--- Information supplied Enclosed Below ---
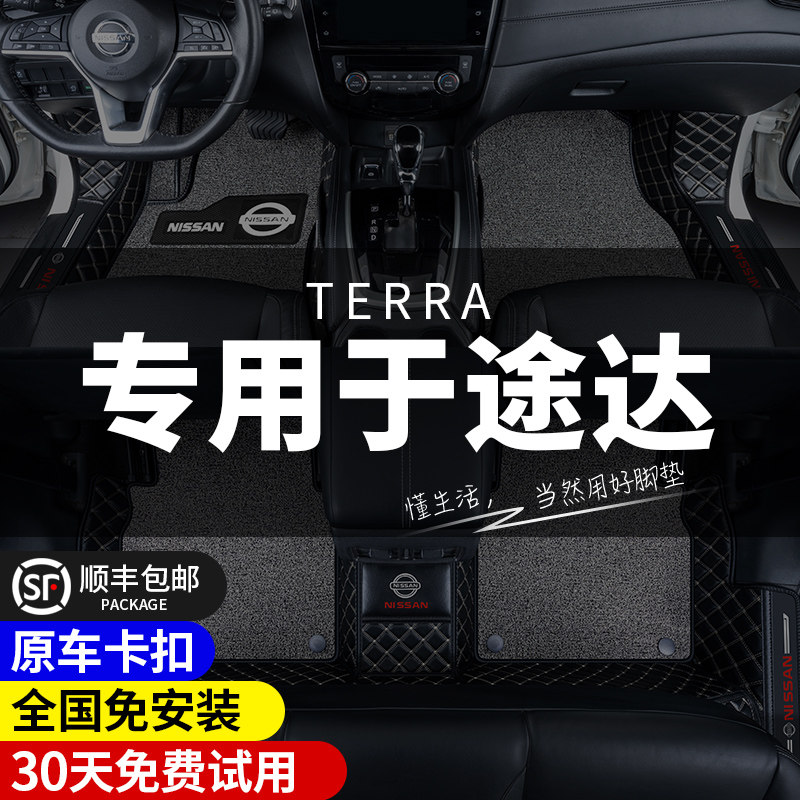 Fully surrounded car foot pads are suitable for Nissan Nissan Tuda special modification accessories trunk 2021 new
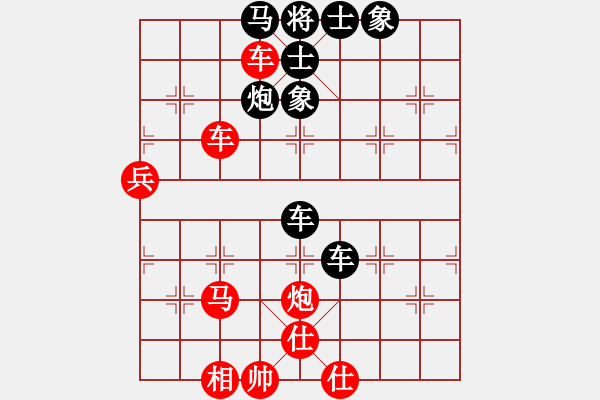 象棋棋譜圖片：西安市第二屆秦華熱力杯第04輪：漢中吳衛(wèi)賓 先負 三原裴猛 - 步數(shù)：80 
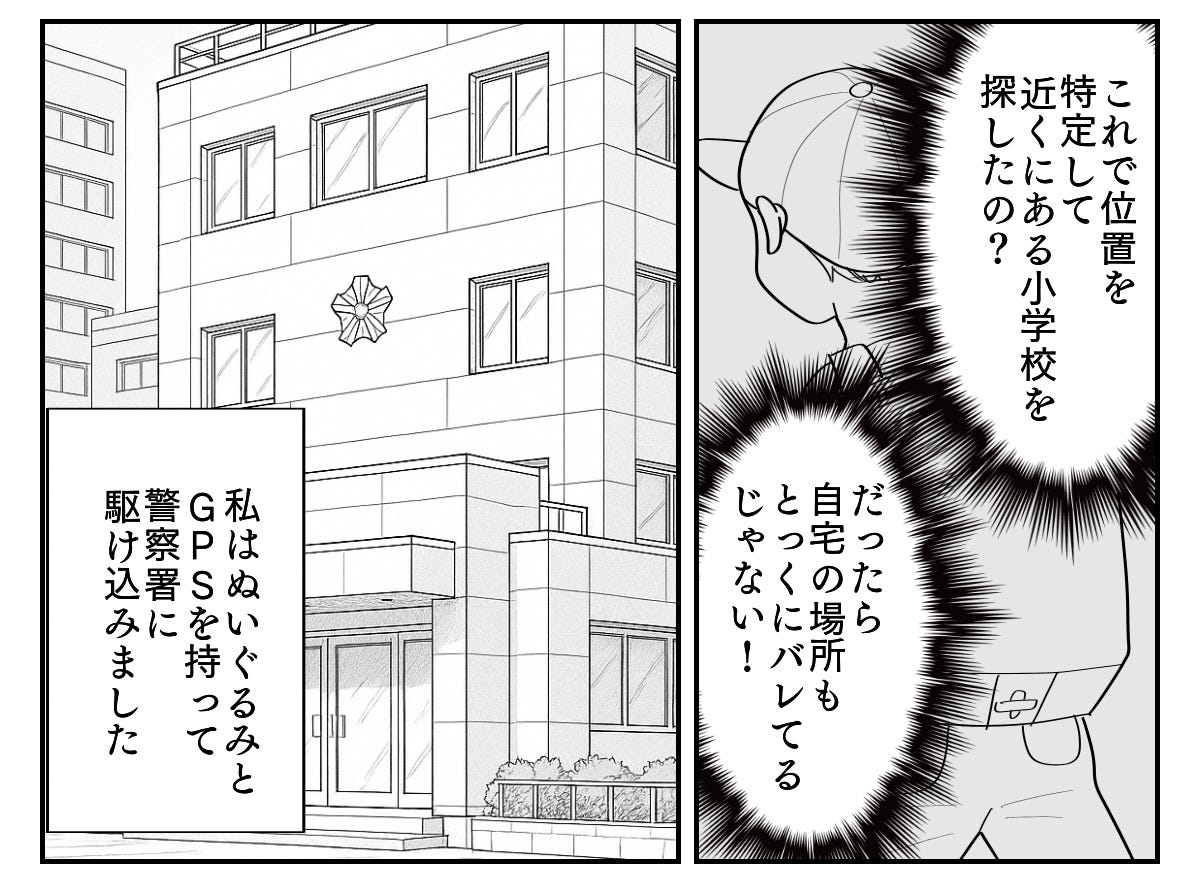 4-4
--- End of Enclosed Information supplied ---
» What is needed
Every line above should be repeated exactly; pictures stay out of the copy.

» Result of this exercise
 Fully surrounded car foot pads are suitable for Nissan Nissan Tuda special modification accessories trunk 2021 new
 象棋棋譜圖片：西安市第二屆秦華熱力杯第04輪：漢中吳衛(wèi)賓 先負 三原裴猛 - 步數(shù)：80 
 4-4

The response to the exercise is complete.